Does it really sound far-fetched that reps would try to sell certain devices to make more money? It’s not that this is some huge conspiracy against Apple; store floor discrimination is merely a byproduct of a corporate environment that elevates profit margins above something as subjective as customer experience.

“After 45 mins of the salesperson sternly pushing an Android phone and basically bashing the iPhone in all kind of ways, he finally, very reluctantly I might add, sold us what we came in asking for,” said an AT&T customer. “I’m no dummy, hell I’m a tech geek in fact. I do my homework and I walk in a store knowing exactly what I want. I was absolutely astonished at the lengths this salesperson went to trying to sell us on Android, it was almost disgusting.”

“There were third-party AT&T locations that did nothing but steer customers away from iPhones and towards Android,” explained an anonymous AT&T representative who recently left the company. “The reason being that they were paid more for selling Androids, or at least anything besides the iPhone. Because of this, we received numerous and almost countless complaints from customers who found their Android device to be subpar. The iPhone was clearly the superior machine, and they could have purchased it for the same price in many cases. It was a hassle to send them back to the third-party to return the phone, and an even bigger hassle to have the reps at their locations reverse contracts.

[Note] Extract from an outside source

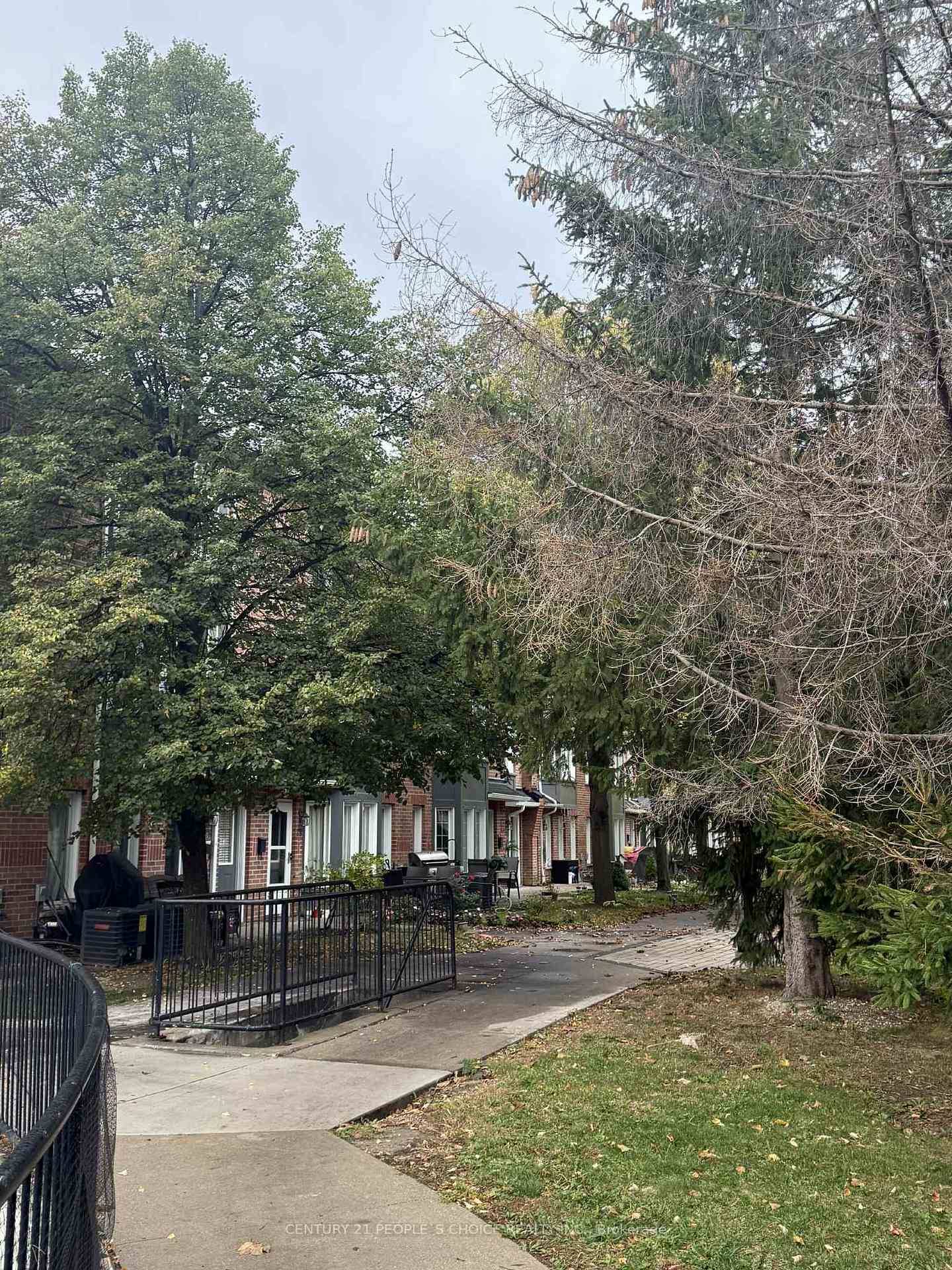 Welcome to this bright and spacious condominium townhouse being sold as is offering a great opportunity for the firs time home buyers, investors, or anyone looking to customize their dream ...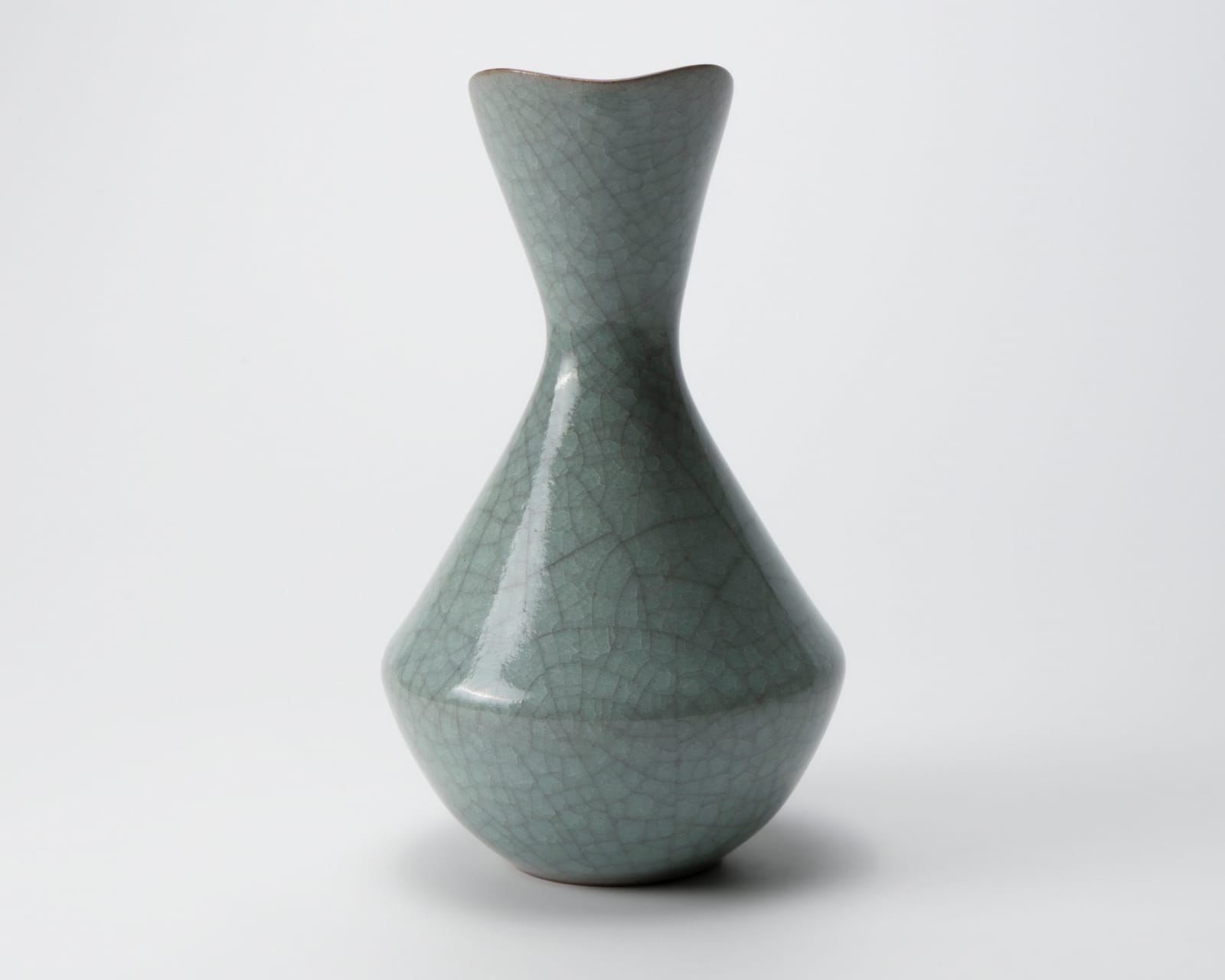 Yoshida Shuhei 吉田周平, Celadon spouted flower vase, 2023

Though the process was instantaneous, they would claim it would take days once initiated. But too often it would take days to convince them [the reps] to do their job, accept they weren’t getting paid at all now, and actually reverse the contract.”

“Our reps do what it takes to align customer needs with the best device for them,” AT&T told Cult of Mac in an official statement. “The iPhone remains one of our most popular devices, which doesn’t happen by steering people away from it.”

Reps feel pressured to meet their quotas by selling non-Apple smartphones.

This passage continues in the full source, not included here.